During the week of June 10, 2019, Sunsetters Jason Gibson and Jonathan Falcon joined the Transportation Intermediaries Association (TIA) in Washington, D.C. to advocate for third party logistics on Capitol Hill. They met with almost 200 Members of Congress, working to advance the Motor Carrier Safety Selection Standard (MCSSS) and defeating the THUD CSA Appropriations language. While the debate is far from over, the TIA, Sunset Transportation and the 3PL industry at large are laying the groundwork to ensure our voices are heard loud and clear.
More insight into the MCSSS, reposted from the Transportation Intermediaries Association (TIA), the premier organization for third-party logistics professionals in North America and abroad:
The motor carrier industry is currently lacking in clarity and a massive safety hole exists on selecting motor carriers to haul our nation’s freight. Currently, the Federal Motor Carrier Safety Administration (FMCSA) still utilizes an outdated physical audit process to determine a licensed motor carrier safety rating. The Agency uses internal data collected from individual States to prioritize motor carriers for interventions and safety audits. Because of limited resources available to the Agency, the Agency is only able to touch a small portion of the motor carrier population and assign safety ratings.
That leaves 85% of the 555,000 active motor carriers with an “unrated” safety rating. These motor carriers are not unsafe carriers by any means, and arguably some of the safest on the highways because they have not done anything egregious enough to warrant an audit from the Agency. Never-the-less motor carriers live in a state of limbo and shippers and 3PLs that utilize them have to second-guess the on determining are these motor carriers safe or not, subjecting them to unnecessary liability concerns. President Obama introduced a rulemaking (Safety Fitness Determination) toward the end of his second term that would have shifted the safety rating process from one of audit to a data driven process. Unfortunately, this rulemaking has been delayed indefinitely.

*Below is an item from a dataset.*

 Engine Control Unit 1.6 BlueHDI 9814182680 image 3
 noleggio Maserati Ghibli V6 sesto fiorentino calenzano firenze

The safety aspect is only exacerbated because there is no Federal standard in place that shippers and 3PL must adhere to when selecting a motor carrier to complete a freight movement. There are over 3 million shippers and over 20,000 licensed 3PLs and freight forwarders selecting motor carriers daily, who should be required to check certain requirements of those motor carriers, before putting them on our nation’s roads and highways.
The National Motor Carrier Selection Standard would require that all entities selecting motor carriers be required to:
- properly registered with the Federal Motor Carrier Safety Administration (FMCSA);
- has obtained the minimum insurance; and
- has not been given an “unsatisfactory” safety rating.
This standard would ensure that over 3 million entities that select motor carriers have the clarity they need to select a safe motor carrier or be held liable for negligent selection of a motor carrier if they do not follow the standard.
The legislation would also require the Agency to move forward with the Safety Fitness Determination (SFD) rulemaking that would update the safety rating process and bring it into modern times and remove all the confusion and conflicting status of motor carriers. Essentially, the rulemaking would implement a “red-light/green light” for entities selecting motor carriers.
The legislation does not reduce or eliminate liability for shippers and 3PLs selecting motor carriers nor does it reduce an individual’s right to bring forward a lawsuit. The language is not tort reform, it is a common-sense solution to address a huge safety concern in the industry, while eliminating confusion in the marketplace.